Russia’s 2020 temperatures were a record 3.22 degrees Celsius above the historical average, according to a new draft report by Environment Ministry experts published on Tuesday.
The spike represents the first time temperatures have been over 3 C higher than the norm since measurements began in 1936. Last year’s anomaly beat the previous record seen in 2007 by more than 1 C, the report said.
Winter 2019-2020 was also the warmest winter since 1936 in all but two Russian regions, with nationwide temperatures 5 C higher than the 1961-1990 average.
Russia is a signatory to the 2015 Paris Agreement which seeks to keep global warming within 2 C above pre-industrial levels — a goal that UN climate experts warned is at risk of becoming impossible if urgent action isn’t taken to cut carbon emissions.
Nearly three-quarters — 72% — of Russia’s territory experienced an extreme weather event of some kind in 2020, according to the report.
In 2020, Russia’s Emergencies Ministry reported 104 weather emergencies nationwide, more than double the number recorded the previous year.
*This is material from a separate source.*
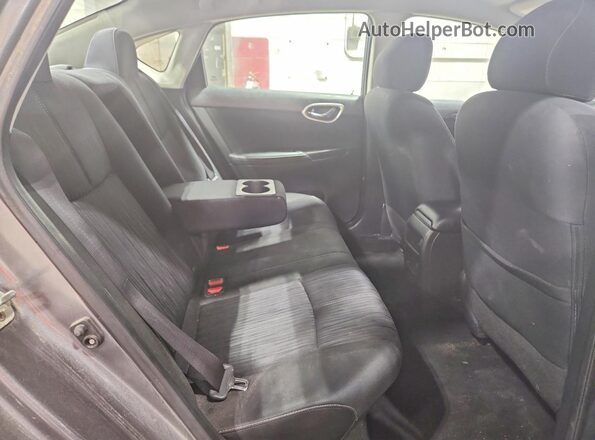 3N1AB7AP6JL618286 2018 NISSAN SENTRA Gray Вид задніх сидінь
The number of dangerous flooding events doubled, forest fires quadrupled and hurricanes and severe storms rose tenfold over 2019 levels.
“This trend remains true in 2021. The number and scale of dangerous natural events are rising and so is the damage inflicted by them,” Vasily Yablokov, head of Greenpeace Russia’s climate change division, told the Kommersant business daily. “And it will get worse with every year.”
The draft report must go through a series of public hearings before it can become official.
Its findings add to the urgency facing the world’s largest country — which is warming 2.5 times faster than the rest of the world — as its leadership wakes up to the realities of manmade climate change.
President Vladimir Putin vowed to allocate funding to protect the country’s forests after unprecedented fires tore across Siberia this summer, a disaster experts linked to climate change, negligence and an underfunded forest service.
Some 57% of Russians say they already feel the impact of the climate crisis on their daily lives, according to a poll last year by the state-run polling agency VTsIOM. However, 25% of Russians remain skeptical that climate change is linked to human activity.